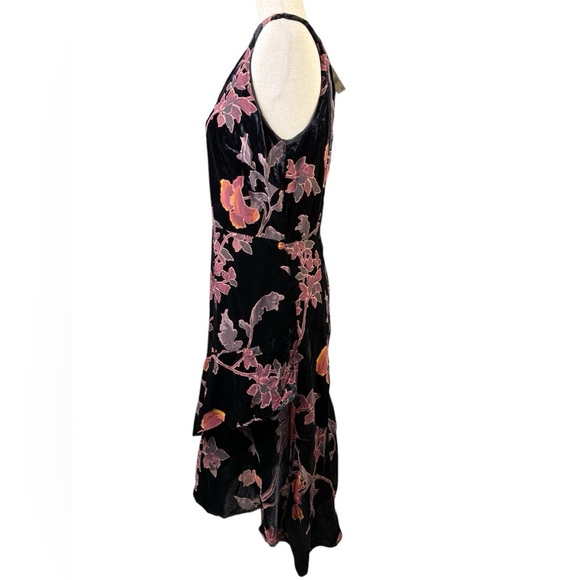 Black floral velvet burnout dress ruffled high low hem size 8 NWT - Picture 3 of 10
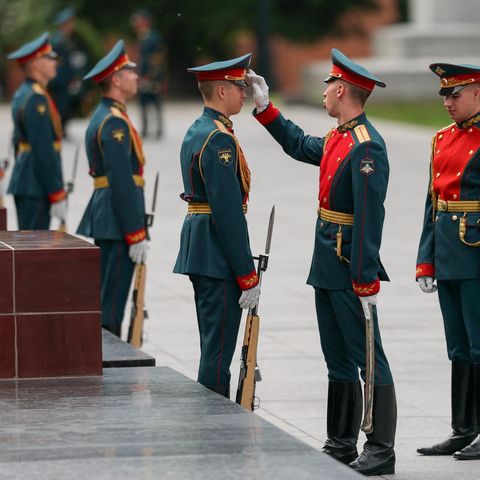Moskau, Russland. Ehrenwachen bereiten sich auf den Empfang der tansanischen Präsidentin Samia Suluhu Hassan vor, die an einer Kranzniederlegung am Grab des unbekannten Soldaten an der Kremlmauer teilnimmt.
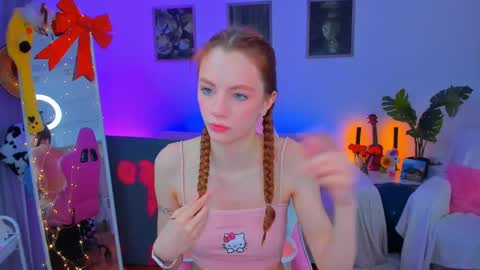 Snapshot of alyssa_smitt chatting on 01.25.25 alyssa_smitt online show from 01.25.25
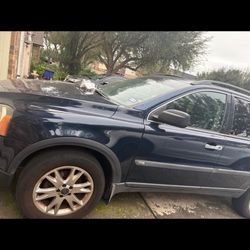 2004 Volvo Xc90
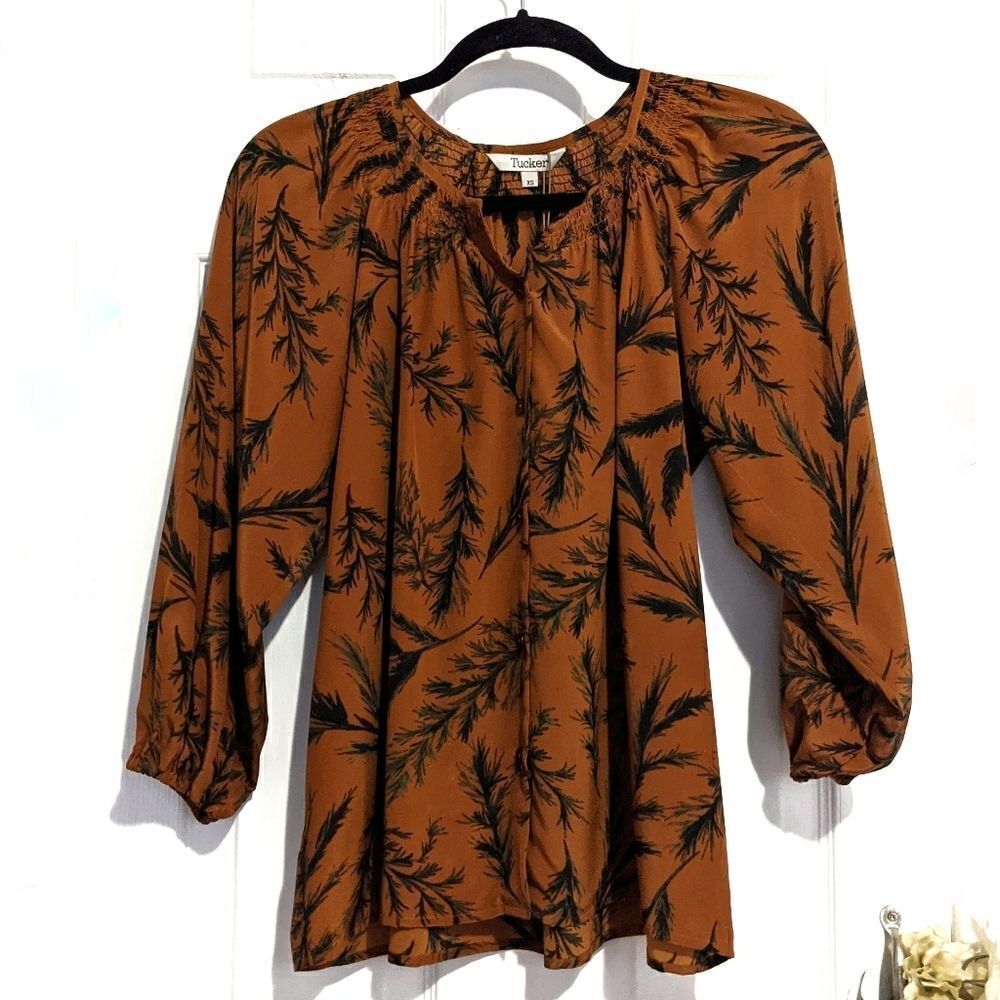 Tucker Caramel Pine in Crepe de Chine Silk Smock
......
Task description: Copy all of the records verbatim, omitting the pictures.

Answer for this exercise:
 Black floral velvet burnout dress ruffled high low hem size 8 NWT - Picture 3 of 10
Moskau, Russland. Ehrenwachen bereiten sich auf den Empfang der tansanischen Präsidentin Samia Suluhu Hassan vor, die an einer Kranzniederlegung am Grab des unbekannten Soldaten an der Kremlmauer teilnimmt.
 Snapshot of alyssa_smitt chatting on 01.25.25 alyssa_smitt online show from 01.25.25
 2004 Volvo Xc90
 Tucker Caramel Pine in Crepe de Chine Silk Smock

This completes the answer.